@ceydarabia
|
Elena, odasında oturmuş, önündeki belgeleri inceliyordu. Ofisin büyük camlarından süzülen sabah ışığı, masasının üzerindeki kahve fincanında dans ediyordu. Deren, bir köşeye oturmuş, tahtasını masum bir oyuncak gibi tutuyordu. Fakat ikisi de o tahtanın sıradan bir şey olmadığını çok iyi biliyordu. Elena başını kaldırdı, Deren’e doğru alaycı bir bakış attı. “Ne o, güzelim? Çocukların oyuncaklarla oynadığı yaş çoktan geçti, farkında değil misin?” Deren, tahtayı parmaklarının ucuyla hafifçe çevirdi ve gülümseyerek karşılık verdi. “Asıl oyuncaklarla oynamayı bırakması gereken biri varsa o sensin, Minik Mafya.” Elena, kahvesinden bir yudum aldı, gözlerini Deren’den ayırmadan. “Şirin bir lakap seçmişsin. Ama ‘Minik Mafya’ dediğin kişi, seni buraya bağlayan her şeyi kontrol ediyor, unutma.

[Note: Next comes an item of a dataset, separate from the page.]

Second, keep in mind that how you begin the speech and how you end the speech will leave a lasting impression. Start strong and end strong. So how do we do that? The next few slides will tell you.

Sence de biraz saygıyı hak etmiyor muyum?” Deren, hafif bir kahkaha attı. “Saygıyı hak etmek için önce korkutucu olman gerekir. Ama şu an seninle konuşmak, tatlı bir dedenin şeker uzatmasını izlemek gibi.” Elena, masasındaki dosyaları düzeltti ve sakin bir sesle sordu: “Peki ya tahtan? Bana bir türlü göstermediğin o numaralarını şimdi denemeye cesaretin var mı? Yoksa sadece bir dedikodudan mı ibaret olduğunu itiraf etmek mi istersin?” Deren’in gözleri parladı. Elena’nın bu meydan okuması tam istediği şeydi. Tahtanın yüzeyine hafifçe dokundu. O anda, masadaki dosyalar birden havaya uçtu ve yere saçıldı. Elena'nın ifadesi bir anlığına değişti, ama hemen toparlandı.

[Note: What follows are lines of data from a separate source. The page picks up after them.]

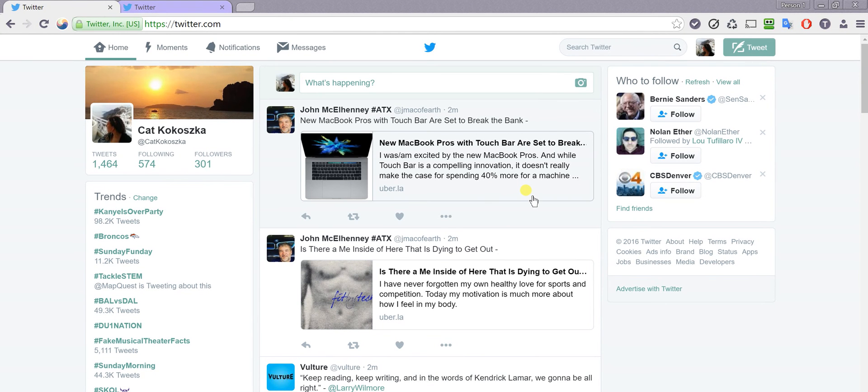Thank you for downloading Ghost Browser. This is a very quick video just to show you the first couple things that you should do.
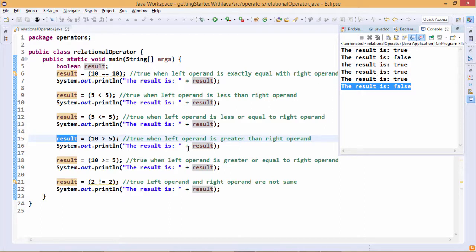In this way we have discussed the different relational operators available in Java. Thanks for watching this video.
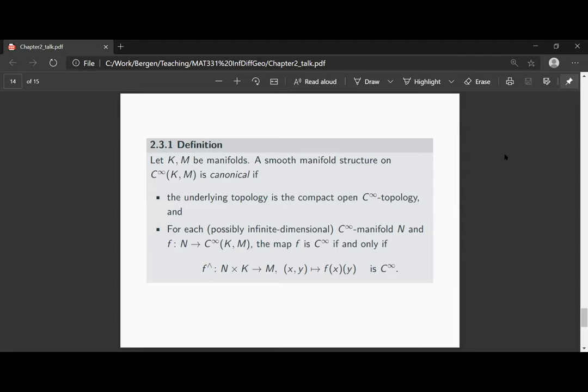Let K and M be manifolds in this section. We will always assume that K is a compact manifold. A smooth manifold structure on the C-infinity functions from K with values in M is called canonical if the underlying topology of this manifold is the compact open C-infinity topology.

“Aa, çok pardon! Çelik Gül’ün dosyalarını dağıtmış olmayayım?” dedi Deren, masum bir gülüşle. Elena’nın dudaklarının kenarında ince bir gülümseme belirdi. Dosyaları toplamaya çalışırken sakinliğini korudu. “Çelik Gül, ha? Güzel bir isim. Zarif ama güçlü. Bu tarz isimler, taşımayı bilmeyenlere ağır gelir.” Deren, tahtayı yere koyup omuzlarını silkti. “Bence taşımayı bilmekten çok, o ismin altını doldurabilmek önemli. Zarafet dediğin şey, bir rüzgarda dağılacak kadar narinse... fazla çelik sayılmaz, değil mi?” Elena, bu kez tüm dikkatini Deren’e verdi. Sözlerindeki ima, açık bir meydan okumaydı. Masanın kenarına yaslanıp kahvesinden bir yudum daha aldı. “Beni etkilemek için tahtana ihtiyacın var, değil mi? Onunla ilgili her şeyi çözdüğümde, bakalım hala bu kadar özgüvenli olacak mısın?” Deren, tahtanın yüzeyine yine hafifçe dokundu. Bu kez, odanın ortasındaki lamba hafifçe titredi, sonra parlak bir ışıkla patladı. Elena, olduğu yerde irkilmeden durdu ama kaşları çatıldı. “Sanırım tahtamı çözmekten önce, bir lambayı tamir etmeyi öğrenmen gerek,” dedi Deren, alayla. Elena, sakin bir şekilde masadan kalktı ve kapıya doğru yürüdü. Kapının önünde durup arkasını döndü. “Bu savaş yeni başlıyor, güzelim. Ve bu kez oyunun kurallarını ben koyacağım.” Kapı sert bir şekilde kapanırken Deren, tahtasına göz gezdirdi. “Hadi bakalım, Minik Mafya. Kurallarını görmek için sabırsızlanıyorum.” dedi kendi kendine.